§ **WHAT NEEDS TO BE DONE**
Apart from the pictures, return every line of the listing exactly.

§ **STORED DATA**
┌──
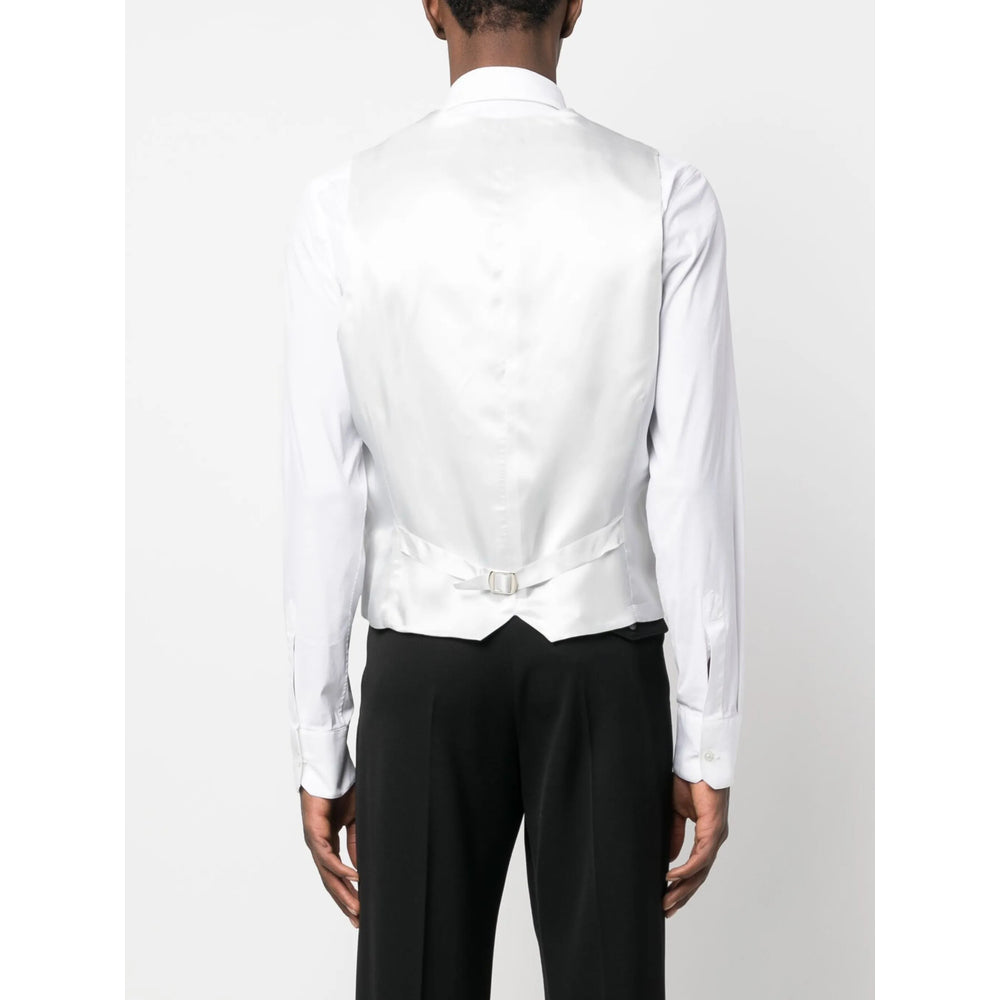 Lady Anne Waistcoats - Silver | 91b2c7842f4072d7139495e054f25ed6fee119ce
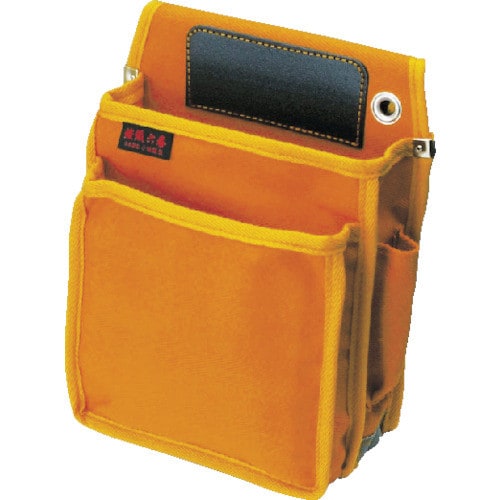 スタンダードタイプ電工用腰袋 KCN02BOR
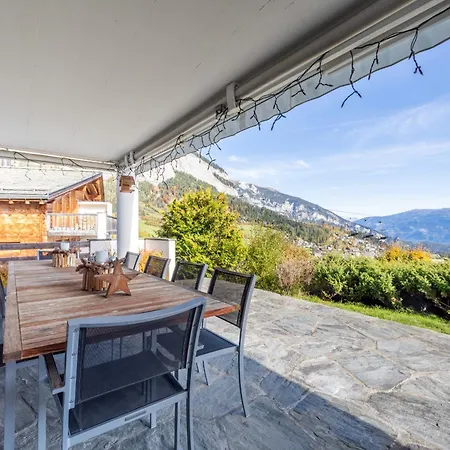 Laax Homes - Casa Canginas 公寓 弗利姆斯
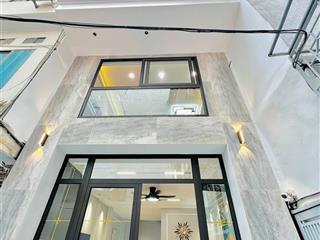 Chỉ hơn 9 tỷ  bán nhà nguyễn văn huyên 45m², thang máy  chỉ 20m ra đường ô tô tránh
└──
§ **RESULT**
 Lady Anne Waistcoats - Silver | 91b2c7842f4072d7139495e054f25ed6fee119ce
 スタンダードタイプ電工用腰袋 KCN02BOR
 Laax Homes - Casa Canginas 公寓 弗利姆斯
 Chỉ hơn 9 tỷ  bán nhà nguyễn văn huyên 45m², thang máy  chỉ 20m ra đường ô tô tránh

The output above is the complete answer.